Not that this is an entirely terrible thing. In fact, there are even a few interesting details, like how the board unfolds — literally, it unfolds — from one act to the next. Or how John McClane is playing a run-and-gun shooter weighed against his own stamina. Or how the thieves are running and gunning too, but also playing a minigame as they crack into the Nakatomi Corporation’s vault. So before we get into the game’s troubles with its adaptation, let’s dig into those details.
First of all, it’s impressive how both sides of the heist approach their goals in ways that are different without being so totally divergent that they wind up feeling burdensome. John McClane, for example, is a man of endurance. His deck slowly depletes itself. Early on, he draws a bunch of cards, picks one to use, and resolves its listed actions to run around, shoot or punch baddies, maybe eventually dial up the Family Matters channel for a motivational chat, and search his current floor for objective tokens.
The rub is that all that running and punching and yanking shards of glass from the soles of his bare feet gradually take a toll, and McClane is forced to discard some of his cards. Over time, including the long game as the board is unfolded from one scene to the next, the cards he uses are shuffled into the next act’s deck while his discards and leftovers are dumped forever. This doesn’t completely capture the film’s sense of a man being abused until he resembles hamburger fed through a taffy machine; the deck is far too generous for that. But it’s approximate, forcing McClane to meter out his stamina and sometimes take a breather rather than blasting extra terrorists.
Those terrorists, meanwhile, are playing collaboratively, especially if they have two or three players at the helm. Their cards list similar actions, letting them punch and shoot and so forth, but they play three cards at once. This might sound like it would let them swarm poor McClane. Instead, each card has a numerical value, and only the middle card actually provides actions. The others are punched into a minigame where you’re trying to match adjacent numbers in order to break through the Nakatomi vault and steal $640 million in bearer bonds. It isn’t especially complicated, but provides some context to why you don’t simply send out everybody to gun down that pesky cop — unlike the worst Bond villains, you aren’t here to arch McClane. You’re here because you have a plan. He’s a fly in your ointment, not your objective.

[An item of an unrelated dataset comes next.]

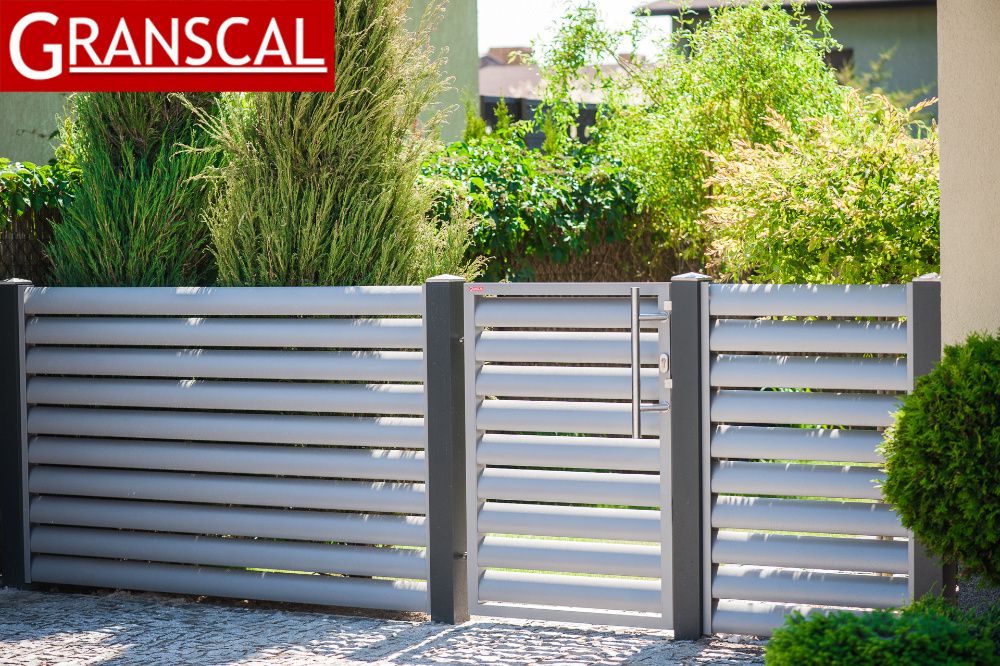 Ogrodzenie metalowe nowoczesne aluminiowe płot furtka brama Poznań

Speaking of objectives, each act is soon straitjacketed by a list of goals. Not coincidentally, this is also where the cracks begin to show.
It goes like this. In the first act, McClane is a man on the run. Scattered around the floor are face-down tokens, which conceal a machinegun and radio, both of which are essential for McClane to progress to the next act. He’s also required to take out at least one terrorist for his shoes — which are, of course, too small, because in the movie they were too small. Then the board is unfolded to reveal a larger floor, this one with panes of glass that the terrorists can shoot to cause wounds when McClane moves over them. McClane hunts for more face-down tokens, this time for C4 and a detonator to drop down the elevator shaft, and again takes down a terrorist, this time to chuck out the window and draw the attention of the police. When the third act rolls around, McClane needs to shoot his machinegun on the roof to herd the hostages away from the helipad, then descend to a lower floor (via fire hose) to nudge Snape out the window. It’s all rather familiar.
Again, this isn’t terrible — for one play. But by tracing the exact procession of events that John McClane took when he heroically rescued all those hostages back in 1988, the game not only sheds any sense of replay value, but also lacks the very things that made Die Hard such a tremendous work of fiction. Namely, its sense of uncertainty, shock, and improvisation. When Snape ordered his men to shoot the glass, it represented a thinking mind effectively checkmating his opponent. When McClane ran across the glass and then kept going, it was a showcase of willpower and endurance. These two men were both out-thinking and out-enduring one another. In the board game, neither concept plays much of a role.
Like I mentioned earlier, there’s a sense of adapting a thing’s “spirit” rather than merely adhering to the events as they occurred. The recent board game adaptation of Jaws is a prime example. Much like Die Hard: The Nakatomi Heist, Jaws is divided into acts that occur in an indelible order, one after the other. But within those acts, there’s far more wiggle room. Call it player agency. Rather than tracing a straight line from one goal to the next, both the hunters and the shark are provided an overriding objective — catch the shark vs. eat a bunch of people — but broad latitude in how those objectives are accomplished. More importantly, Jaws successfully evokes the spirit of its source material: paranoia, an omnipresent sense of threat and helplessness, the thrill of the chase. By contrast, Die Hard faithfully reproduces the film’s sequence but little of its feeling.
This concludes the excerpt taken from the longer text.